日本国内で雇用していた外国人社員が会社を退職し母国に帰る際、条件に当てはまれば今まで支払ってきた年金保険料の一部が払い戻しされます。これを脱退一時金と言います。
脱退一時金はこちらから請求しないと払い戻しがなされません。脱退一時金の還付条件や必要書類などを事前に確認しておき、外国人社員が退職する時に慌てないように備えてください。

1.外国人も年金保険料を支払わなければいけない

まず、外国人も年金保険料を支払わなければいけないというのが基本的なルールです 。 日本の年金制度は「日本に居住している20歳以上60歳未満の方」全てが対象であると定められています。国籍は関係ありませんので、日本国内に住み働いている外国人も年金制度の対象です。なお、年金への加入は「義務」なので、「外国人は年金制度に加入してもいい」のではなく、「外国人も絶対に加入しなければいけない」ものです。

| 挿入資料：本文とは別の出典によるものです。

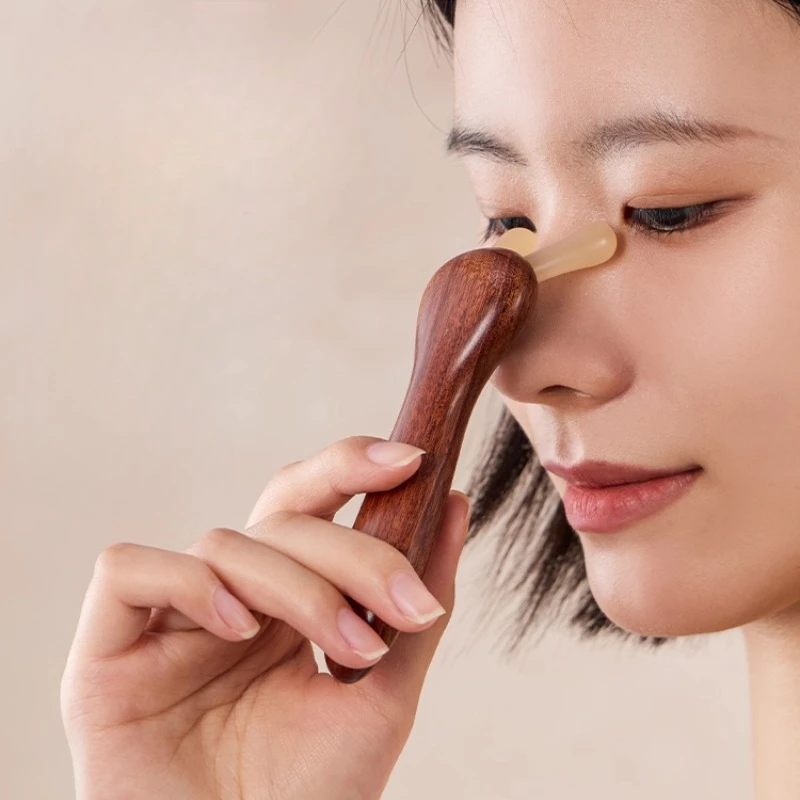 

Beauty Health Eye Massager & Gua Sha Tool Set - Natural Horn & Sandalwood Facial Roller for Acupressure Around Eyes & Nose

外国人を雇用する会社は、日本人社員の厚生年金と同じような処理が必要です。外国人に支払う給料から厚生年金保険料の半額を徴収し、会社が保険料の半額を負担する必要があります。

2.脱退一時金(国民年金・厚生年金)の受け取り条件

脱退一時金は、退職し帰国する外国人の誰もが受け取れるものではありません。雇用されている外国人社員が条件に当てはまるかどうかを確認してください。

脱退一時金を請求できる期間

日本から出国し、日本国内に外国人の住所がなくなってから2年以内に請求できます。

脱退一時金の請求先

国民年金・厚生年金の脱退一時金は、日本年金機構に請求できます。

受け取れる資格

(ア)国民年金

  1. 日本国籍でない方
  2. 老齢基礎年金の受給資格期間を満たしていないこと 
  3. 国民年金に加入していないこと
  4. 第1号被保険者であった期間が、以下の全てを足して6ヶ月以上あること
  • 保険料納付済みの月数
  • 保険料1/4免除の月数×3/4
  • 保険料半額免除の月数×1/2
  • 保険料3/4免除期間×1/4

(イ)厚生年金

  1. 日本国籍でない方
  2. 老齢厚生年金などの受給権を満たしていないこと 
  3. 厚生年金保険や共済組合などの加入期間の合計が6ヶ月以上あること

老齢厚生年金の内容や受給権の詳細については、最寄りの年金事務所または、ねんきんダイヤルにお尋ねください。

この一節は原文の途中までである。